**WHAT TO DO:** Copy word for word the lines of the records below, beginning at the one with "Butterfly Cleaning Service" and finishing at the one with "Image of Premna", ends included, but none of the pictures.

**EXERCISE DATA:**
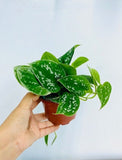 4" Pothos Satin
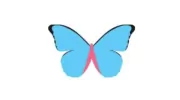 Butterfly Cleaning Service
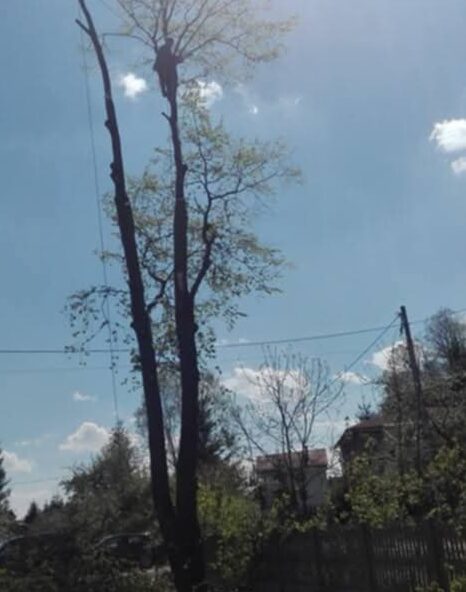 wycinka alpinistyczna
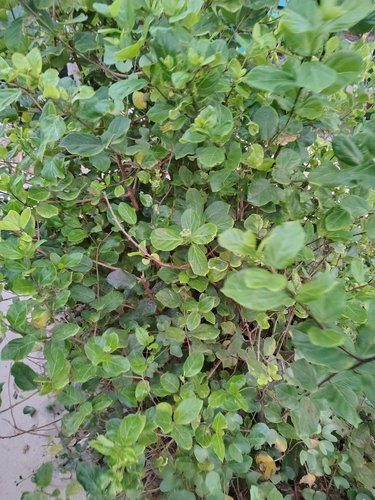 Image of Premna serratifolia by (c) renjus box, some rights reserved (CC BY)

==

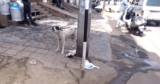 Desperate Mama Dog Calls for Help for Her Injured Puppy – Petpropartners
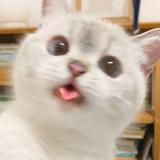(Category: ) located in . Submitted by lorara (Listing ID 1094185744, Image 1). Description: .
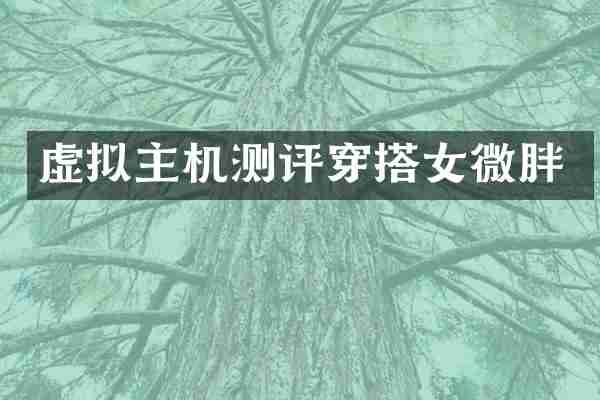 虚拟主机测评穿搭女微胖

**TASK ANSWER:**
 Butterfly Cleaning Service
 wycinka alpinistyczna
 Image of Premna serratifolia by (c) renjus box, some rights reserved (CC BY)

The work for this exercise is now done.